Apports et limites du PIB
La définition d’un appareil statistique apparaît aux lendemains de la Seconde Guerre mondiale – le PIB en première place – avec pour but d’évaluer l’évolution annuelle de l’économie du pays, de comparer les données recueillies à celles des autres pays et d’apprécier l’efficacité de la politique économique au niveau national. Toutefois, à l’heure où les chiffres font figure d’autorité, mettre en cause l’obsolescence du PIB est un impératif.
Le PIB mesure la richesse produite dans le domaine marchand, oubliant les effets externes néfastes ou bénéfiques de cette richesse. Le PIB évalue alors la production marchande comme une augmentation de la valeur ajoutée nationale sans prendre en compte les externalités négatives qu’engendrerait par exemple une production polluante.

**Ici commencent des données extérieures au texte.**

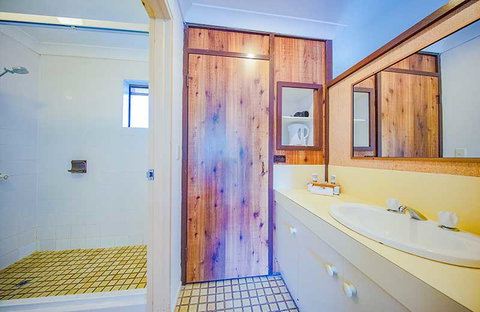 Red Star Hotel Palm Beach - New South Wales Tourism  6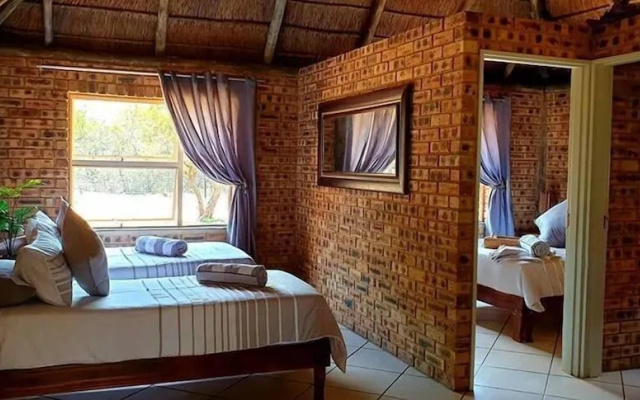 Unathi Game Lodge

De la même manière, le PIB ne mesure pas les externalités positives qui entraînent des retombées économiques positives comme l’éducation ou la santé.
Le fait que le PIB mesure la valeur d’un bien au prix du marché est également un problème. En effet, un ordinateur deux fois moins cher et deux fois plus puissant qu’un autre a-t-il moins de valeur ? De plus, les biens « gratuits » comme le bénévolat et les services rendus amicalement ne sont pas pris en compte, alors que des « biens illégaux » comme la prostitution ou la drogue le sont dans certains pays.
Par ailleurs, pour les services de la santé, l’éducation et la sécurité, c’est le coût de production qui a été choisi comme référence pour définir leur valeur en termes de PIB. Encore une fois donc, le PIB n’est pas un indicateur valable pour mesurer les richesses non-marchandes.
« Dépense publique » et « taux de prélèvement obligatoire » : deux indicateurs à relativiser
La dépense publique comprend les dépenses de l’Etat, des collectivités territoriales ainsi que les transferts liés à la protection sociale et aux solidarités. Or, il est infructueux de considérer ces « transferts » comme des dépenses publiques puisque seuls les frais de fonctionnement de la protection sociale et les régimes d’intervention publique devraient être considérés comme tels. De plus, puisque la prise en charge de l’éducation ou de la santé est publique ou privée selon l’organisation politique des pays, la notion de dépense publique ne permet aucune comparaison sérieuse.
Pour ce qui est du taux de prélèvement obligatoire, il ne prend pas en compte les externalités négatives et va jusqu’à s’opposer à un développement soutenable de l’économie. En effet, cet indicateur enregistre le poids des prélèvements obligatoires dans l’économie mais sans prendre en compte les bienfaits apportés par les mesures financées par ces prélèvements.